Task instructions – In full and without alteration, write out the lines below.

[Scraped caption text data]
= Beginning of Section =

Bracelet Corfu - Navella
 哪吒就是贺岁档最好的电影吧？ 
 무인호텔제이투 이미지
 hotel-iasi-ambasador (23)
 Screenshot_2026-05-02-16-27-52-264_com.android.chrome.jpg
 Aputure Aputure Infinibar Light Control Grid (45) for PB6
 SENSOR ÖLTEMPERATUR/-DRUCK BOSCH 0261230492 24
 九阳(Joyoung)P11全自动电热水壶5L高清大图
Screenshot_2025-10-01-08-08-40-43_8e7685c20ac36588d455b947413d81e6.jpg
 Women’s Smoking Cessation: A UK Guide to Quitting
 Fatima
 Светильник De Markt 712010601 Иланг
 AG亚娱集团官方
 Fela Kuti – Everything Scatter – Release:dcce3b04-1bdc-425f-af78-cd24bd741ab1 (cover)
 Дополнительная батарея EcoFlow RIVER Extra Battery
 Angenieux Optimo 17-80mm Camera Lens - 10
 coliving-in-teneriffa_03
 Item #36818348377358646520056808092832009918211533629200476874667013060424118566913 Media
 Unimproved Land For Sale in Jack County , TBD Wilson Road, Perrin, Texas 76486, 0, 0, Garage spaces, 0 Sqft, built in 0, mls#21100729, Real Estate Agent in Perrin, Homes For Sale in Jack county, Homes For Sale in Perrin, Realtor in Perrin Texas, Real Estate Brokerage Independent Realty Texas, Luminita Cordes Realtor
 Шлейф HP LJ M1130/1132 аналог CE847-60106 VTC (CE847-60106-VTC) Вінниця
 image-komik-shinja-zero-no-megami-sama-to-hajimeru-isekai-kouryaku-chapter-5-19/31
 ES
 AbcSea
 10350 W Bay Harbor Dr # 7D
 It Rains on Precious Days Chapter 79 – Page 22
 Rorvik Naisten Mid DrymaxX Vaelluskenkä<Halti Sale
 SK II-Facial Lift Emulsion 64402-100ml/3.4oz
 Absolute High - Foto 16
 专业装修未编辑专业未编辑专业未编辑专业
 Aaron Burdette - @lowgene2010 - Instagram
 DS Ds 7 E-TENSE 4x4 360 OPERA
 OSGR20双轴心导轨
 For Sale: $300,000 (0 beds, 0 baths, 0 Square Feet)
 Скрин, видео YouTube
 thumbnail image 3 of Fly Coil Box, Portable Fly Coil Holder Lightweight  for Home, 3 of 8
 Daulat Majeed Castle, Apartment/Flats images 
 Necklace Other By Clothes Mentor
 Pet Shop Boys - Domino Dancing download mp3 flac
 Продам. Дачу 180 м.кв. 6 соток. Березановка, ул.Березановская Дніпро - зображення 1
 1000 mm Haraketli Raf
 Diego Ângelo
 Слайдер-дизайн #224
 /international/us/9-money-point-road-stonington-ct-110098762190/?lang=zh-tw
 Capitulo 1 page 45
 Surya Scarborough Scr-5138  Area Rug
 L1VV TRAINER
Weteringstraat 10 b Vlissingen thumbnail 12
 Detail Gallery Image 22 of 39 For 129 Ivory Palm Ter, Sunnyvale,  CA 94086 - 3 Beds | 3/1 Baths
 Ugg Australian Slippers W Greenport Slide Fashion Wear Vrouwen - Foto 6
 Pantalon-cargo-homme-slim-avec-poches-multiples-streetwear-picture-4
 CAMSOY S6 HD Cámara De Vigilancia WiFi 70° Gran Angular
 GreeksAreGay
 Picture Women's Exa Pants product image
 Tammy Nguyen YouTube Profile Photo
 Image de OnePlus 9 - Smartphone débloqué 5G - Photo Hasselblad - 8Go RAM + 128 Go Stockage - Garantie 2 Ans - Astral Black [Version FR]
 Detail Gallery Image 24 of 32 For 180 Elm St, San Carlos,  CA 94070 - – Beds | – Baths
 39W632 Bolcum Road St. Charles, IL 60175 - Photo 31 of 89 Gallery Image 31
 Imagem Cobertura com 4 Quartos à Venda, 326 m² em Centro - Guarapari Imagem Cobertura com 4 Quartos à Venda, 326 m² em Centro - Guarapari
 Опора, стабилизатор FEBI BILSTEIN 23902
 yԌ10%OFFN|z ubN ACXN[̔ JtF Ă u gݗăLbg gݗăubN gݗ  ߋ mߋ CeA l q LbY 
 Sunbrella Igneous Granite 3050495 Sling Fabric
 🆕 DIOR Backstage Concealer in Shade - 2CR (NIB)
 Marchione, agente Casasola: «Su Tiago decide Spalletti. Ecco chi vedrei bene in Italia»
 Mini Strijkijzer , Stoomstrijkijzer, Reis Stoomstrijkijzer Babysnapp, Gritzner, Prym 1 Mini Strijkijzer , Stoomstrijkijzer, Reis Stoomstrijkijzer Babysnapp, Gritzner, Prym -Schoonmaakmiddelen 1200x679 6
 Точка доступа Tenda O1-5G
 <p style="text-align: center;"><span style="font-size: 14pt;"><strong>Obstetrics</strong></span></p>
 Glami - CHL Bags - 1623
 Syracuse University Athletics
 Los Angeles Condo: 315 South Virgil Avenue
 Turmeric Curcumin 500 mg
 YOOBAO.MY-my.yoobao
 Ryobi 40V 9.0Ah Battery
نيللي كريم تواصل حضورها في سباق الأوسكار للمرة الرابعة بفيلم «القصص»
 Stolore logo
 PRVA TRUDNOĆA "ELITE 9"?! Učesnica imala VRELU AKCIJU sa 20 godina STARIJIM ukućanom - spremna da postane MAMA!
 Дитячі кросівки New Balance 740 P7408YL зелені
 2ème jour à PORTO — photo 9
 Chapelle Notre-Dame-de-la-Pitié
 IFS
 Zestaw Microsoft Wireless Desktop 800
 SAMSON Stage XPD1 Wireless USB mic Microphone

= End of Section =

Your response –
Bracelet Corfu - Navella
 哪吒就是贺岁档最好的电影吧？ 
 무인호텔제이투 이미지
 hotel-iasi-ambasador (23)
 Screenshot_2026-05-02-16-27-52-264_com.android.chrome.jpg
 Aputure Aputure Infinibar Light Control Grid (45) for PB6
 SENSOR ÖLTEMPERATUR/-DRUCK BOSCH 0261230492 24
 九阳(Joyoung)P11全自动电热水壶5L高清大图
Screenshot_2025-10-01-08-08-40-43_8e7685c20ac36588d455b947413d81e6.jpg
 Women’s Smoking Cessation: A UK Guide to Quitting
 Fatima
 Светильник De Markt 712010601 Иланг
 AG亚娱集团官方
 Fela Kuti – Everything Scatter – Release:dcce3b04-1bdc-425f-af78-cd24bd741ab1 (cover)
 Дополнительная батарея EcoFlow RIVER Extra Battery
 Angenieux Optimo 17-80mm Camera Lens - 10
 coliving-in-teneriffa_03
 Item #36818348377358646520056808092832009918211533629200476874667013060424118566913 Media
 Unimproved Land For Sale in Jack County , TBD Wilson Road, Perrin, Texas 76486, 0, 0, Garage spaces, 0 Sqft, built in 0, mls#21100729, Real Estate Agent in Perrin, Homes For Sale in Jack county, Homes For Sale in Perrin, Realtor in Perrin Texas, Real Estate Brokerage Independent Realty Texas, Luminita Cordes Realtor
 Шлейф HP LJ M1130/1132 аналог CE847-60106 VTC (CE847-60106-VTC) Вінниця
 image-komik-shinja-zero-no-megami-sama-to-hajimeru-isekai-kouryaku-chapter-5-19/31
 ES
 AbcSea
 10350 W Bay Harbor Dr # 7D
 It Rains on Precious Days Chapter 79 – Page 22
 Rorvik Naisten Mid DrymaxX Vaelluskenkä<Halti Sale
 SK II-Facial Lift Emulsion 64402-100ml/3.4oz
 Absolute High - Foto 16
 专业装修未编辑专业未编辑专业未编辑专业
 Aaron Burdette - @lowgene2010 - Instagram
 DS Ds 7 E-TENSE 4x4 360 OPERA
 OSGR20双轴心导轨
 For Sale: $300,000 (0 beds, 0 baths, 0 Square Feet)
 Скрин, видео YouTube
 thumbnail image 3 of Fly Coil Box, Portable Fly Coil Holder Lightweight  for Home, 3 of 8
 Daulat Majeed Castle, Apartment/Flats images 
 Necklace Other By Clothes Mentor
 Pet Shop Boys - Domino Dancing download mp3 flac
 Продам. Дачу 180 м.кв. 6 соток. Березановка, ул.Березановская Дніпро - зображення 1
 1000 mm Haraketli Raf
 Diego Ângelo
 Слайдер-дизайн #224
 /international/us/9-money-point-road-stonington-ct-110098762190/?lang=zh-tw
 Capitulo 1 page 45
 Surya Scarborough Scr-5138  Area Rug
 L1VV TRAINER
Weteringstraat 10 b Vlissingen thumbnail 12
 Detail Gallery Image 22 of 39 For 129 Ivory Palm Ter, Sunnyvale,  CA 94086 - 3 Beds | 3/1 Baths
 Ugg Australian Slippers W Greenport Slide Fashion Wear Vrouwen - Foto 6
 Pantalon-cargo-homme-slim-avec-poches-multiples-streetwear-picture-4
 CAMSOY S6 HD Cámara De Vigilancia WiFi 70° Gran Angular
 GreeksAreGay
 Picture Women's Exa Pants product image
 Tammy Nguyen YouTube Profile Photo
 Image de OnePlus 9 - Smartphone débloqué 5G - Photo Hasselblad - 8Go RAM + 128 Go Stockage - Garantie 2 Ans - Astral Black [Version FR]
 Detail Gallery Image 24 of 32 For 180 Elm St, San Carlos,  CA 94070 - – Beds | – Baths
 39W632 Bolcum Road St. Charles, IL 60175 - Photo 31 of 89 Gallery Image 31
 Imagem Cobertura com 4 Quartos à Venda, 326 m² em Centro - Guarapari Imagem Cobertura com 4 Quartos à Venda, 326 m² em Centro - Guarapari
 Опора, стабилизатор FEBI BILSTEIN 23902
 yԌ10%OFFN|z ubN ACXN[̔ JtF Ă u gݗăLbg gݗăubN gݗ  ߋ mߋ CeA l q LbY 
 Sunbrella Igneous Granite 3050495 Sling Fabric
 🆕 DIOR Backstage Concealer in Shade - 2CR (NIB)
 Marchione, agente Casasola: «Su Tiago decide Spalletti. Ecco chi vedrei bene in Italia»
 Mini Strijkijzer , Stoomstrijkijzer, Reis Stoomstrijkijzer Babysnapp, Gritzner, Prym 1 Mini Strijkijzer , Stoomstrijkijzer, Reis Stoomstrijkijzer Babysnapp, Gritzner, Prym -Schoonmaakmiddelen 1200x679 6
 Точка доступа Tenda O1-5G
 <p style="text-align: center;"><span style="font-size: 14pt;"><strong>Obstetrics</strong></span></p>
 Glami - CHL Bags - 1623
 Syracuse University Athletics
 Los Angeles Condo: 315 South Virgil Avenue
 Turmeric Curcumin 500 mg
 YOOBAO.MY-my.yoobao
 Ryobi 40V 9.0Ah Battery
نيللي كريم تواصل حضورها في سباق الأوسكار للمرة الرابعة بفيلم «القصص»
 Stolore logo
 PRVA TRUDNOĆA "ELITE 9"?! Učesnica imala VRELU AKCIJU sa 20 godina STARIJIM ukućanom - spremna da postane MAMA!
 Дитячі кросівки New Balance 740 P7408YL зелені
 2ème jour à PORTO — photo 9
 Chapelle Notre-Dame-de-la-Pitié
 IFS
 Zestaw Microsoft Wireless Desktop 800
 SAMSON Stage XPD1 Wireless USB mic Microphone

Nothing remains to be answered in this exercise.